From: "Jérôme Pinot" <ngc891@gmail.com>
To: LKML <linux-kernel@vger.kernel.org>
Cc: "Ted Ts'o" <tytso@mit.edu>
Subject: Re: Evolution of kernel size
Date: Sat, 12 Nov 2011 22:04:49 +0900 [thread overview]
Message-ID: <20111112130449.GA10821@comet.deepsky.org> (raw)
In-Reply-To: <20111111165101.GA11227@thunk.org>
On 11/11/11 11:51, Ted Ts'o wrote:
> On Thu, Nov 10, 2011 at 11:33:33PM +0900, Jérôme Pinot wrote:
> > Hi,
> >
> > I took some time to make a graph of the evolution of the size of the
> > linux kernel tar.bz2 since version 1.0 till 3.1 (297 releases).
> > It doesn't count the stable branches (2.6.x.y).
>
> The question really is what are you trying to show with the graph, and
> what do you plan to use the graph for? If it is estimating the size
> of disk space that you'll need at some point in the future, that's
> fine. If it's for entertainment value, that's fine too.
That's exactly the point :-)
> But if it's to try to make some claims about (for example) kernel
> complexity, you'd do better to measure the size of various specific
> subsystems, such as mm, core kernel, a specific file system, etc.
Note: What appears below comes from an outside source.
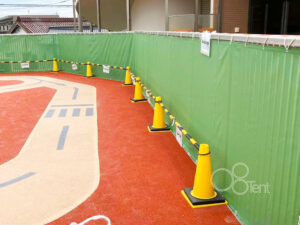 メッシュシートを幼稚園のフェンスに施工｜愛知県名古屋市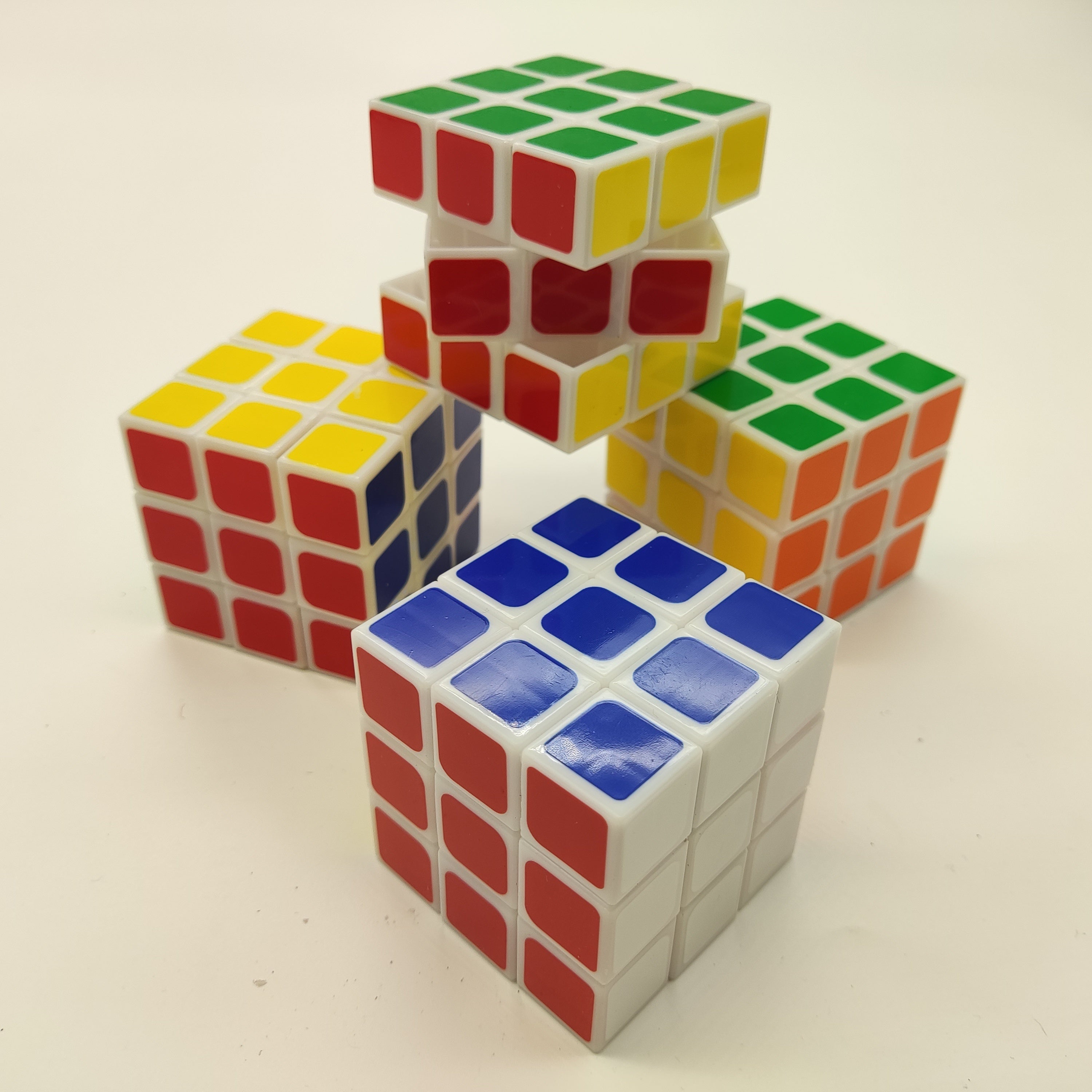 Speedy Puzzle Cube - Superbly Crafted with Effortless Turning - Mesmerizing Aesthetics - Perfect New Year Gift for Puzzle Enthusiasts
And
> even then, the statistics can be misleading since sometimes
> refactoring to reduce complexity or removing unneeded abstraction
> layers can end up reducing the size of the subsystem, but leave it in
> a more maintainable state.
Measuring code complexity or work/cost of the source code was out of my
scope.
--
Jérôme Pinot
http://ngc891.blogdns.net/
prev parent reply other threads:[~2011-11-12 13:04 UTC|newest]
Thread overview: 7+ messages / expand[flat|nested] mbox.gz Atom feed top
2011-11-10 14:33 Evolution of kernel size Jérôme Pinot
2011-11-10 14:59 ` Nick Bowler
2011-11-10 15:15 ` Jérôme Pinot
2011-11-10 15:40 ` Nick Bowler
2011-11-10 16:19 ` Jérôme Pinot
2011-11-11 16:51 ` Ted Ts'o
2011-11-12 13:04 ` Jérôme Pinot [this message]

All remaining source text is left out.